╭─ Entries supplied

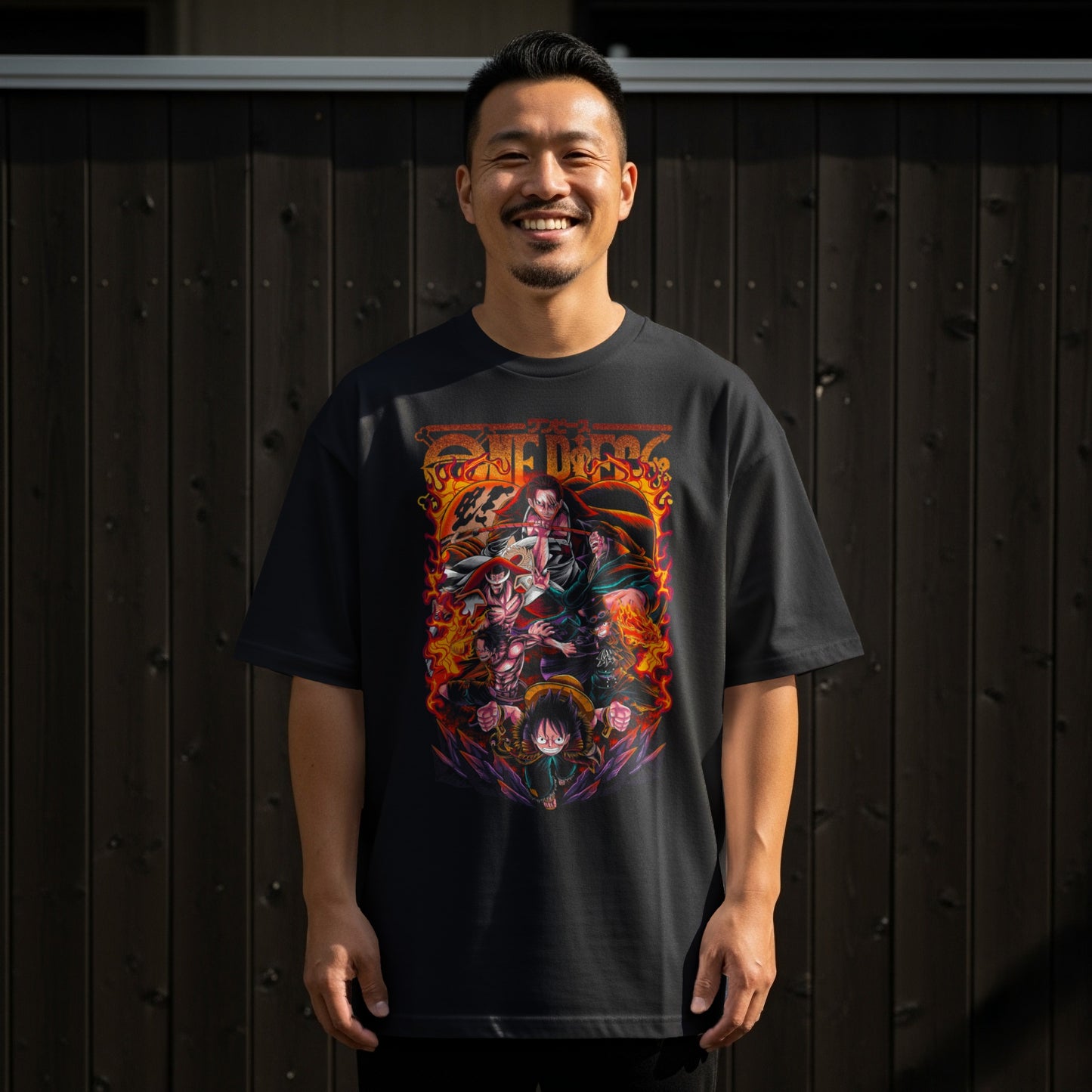 Anime Style Action Scene Graphic Art T-Shirt Product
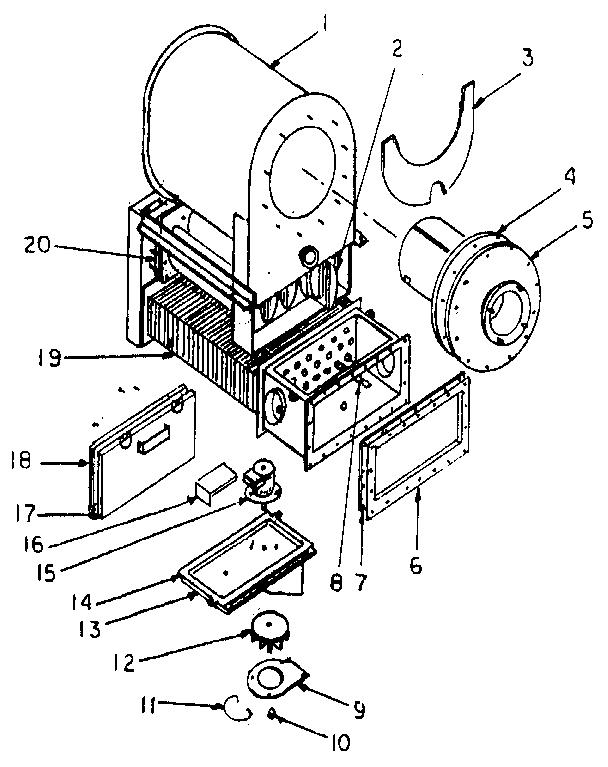 Yukon M-99-70 combustion/heat exchanger/coil assembly (rm10450) diagram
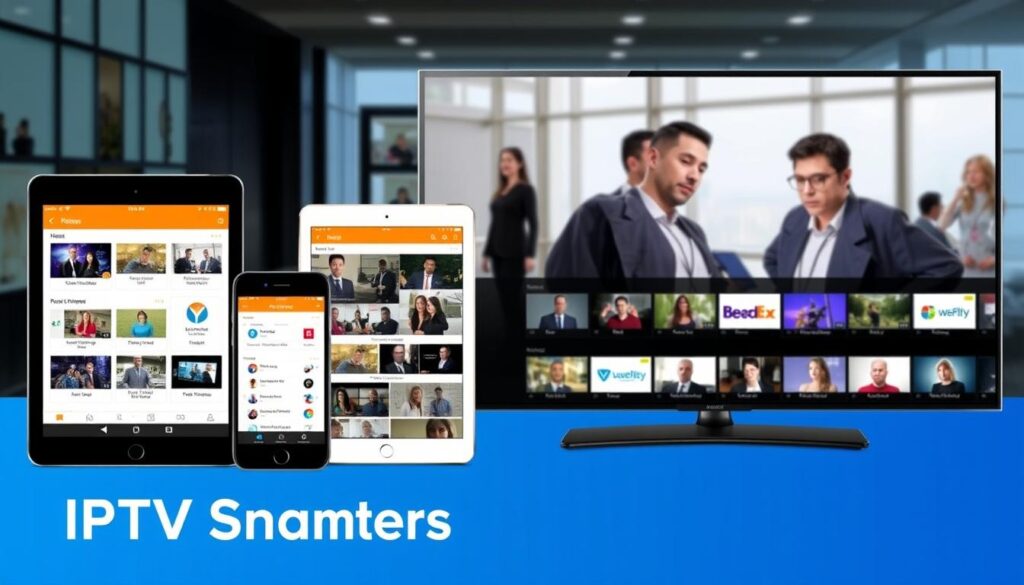 An image of IPTV Smarters app on various devices. An image of IPTV Smarters app on various devices.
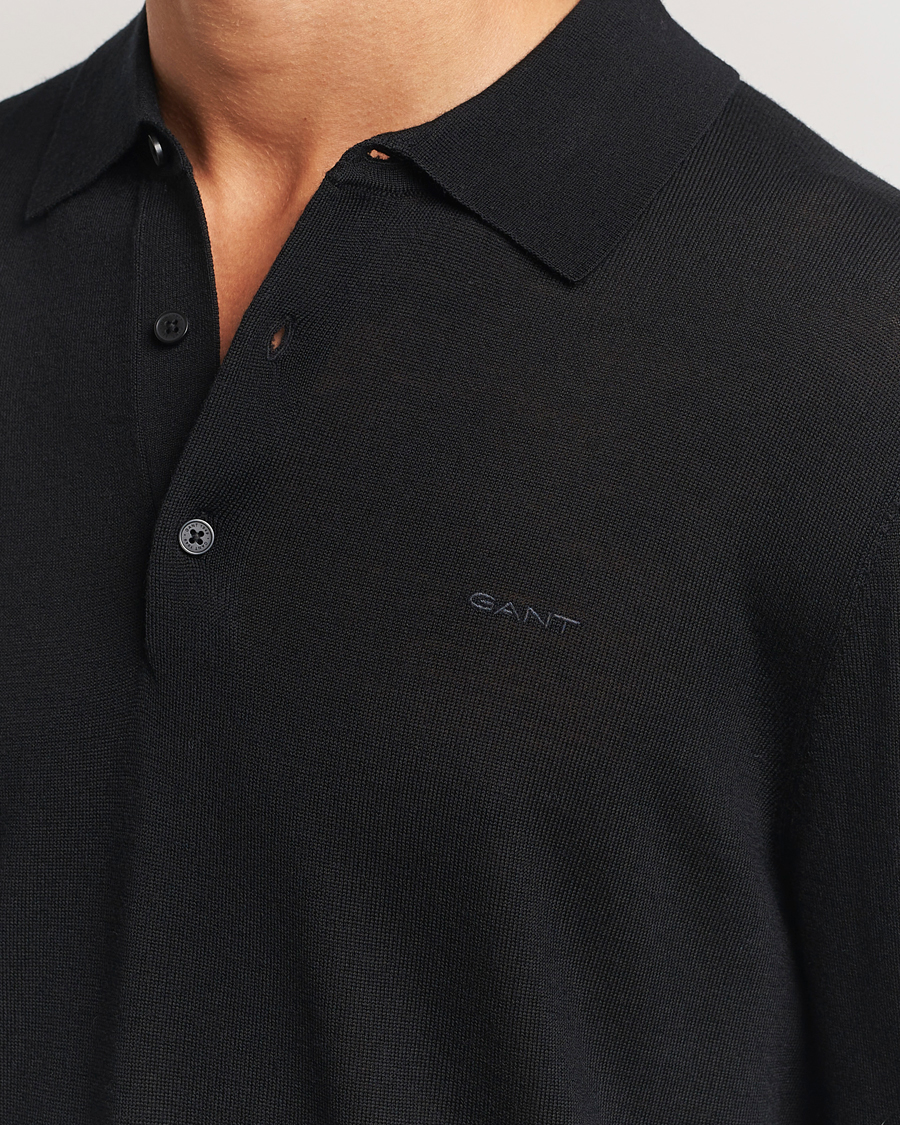 Heren | Truien | GANT | Extrafine Merino Wool Polo Black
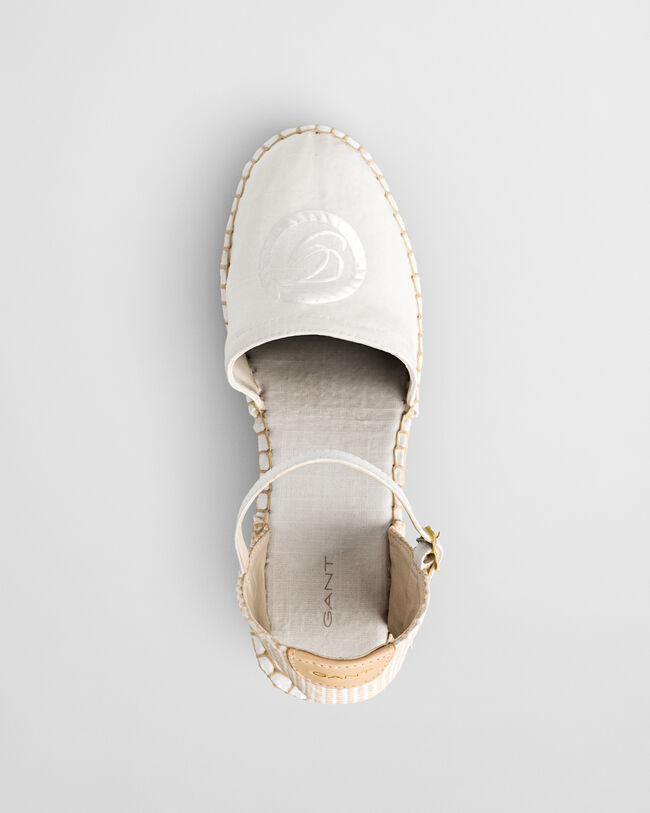 Luliza espadrilles met sleehak van linnen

╰─

# Problem to work on
Find "An image of IPTV Smarters app on various devices. An" in the entries, then reproduce that line and each line after it exactly, through the last one. Pictures do not go in.

# Solution to this exercise
 An image of IPTV Smarters app on various devices. An image of IPTV Smarters app on various devices.
 Heren | Truien | GANT | Extrafine Merino Wool Polo Black
 Luliza espadrilles met sleehak van linnen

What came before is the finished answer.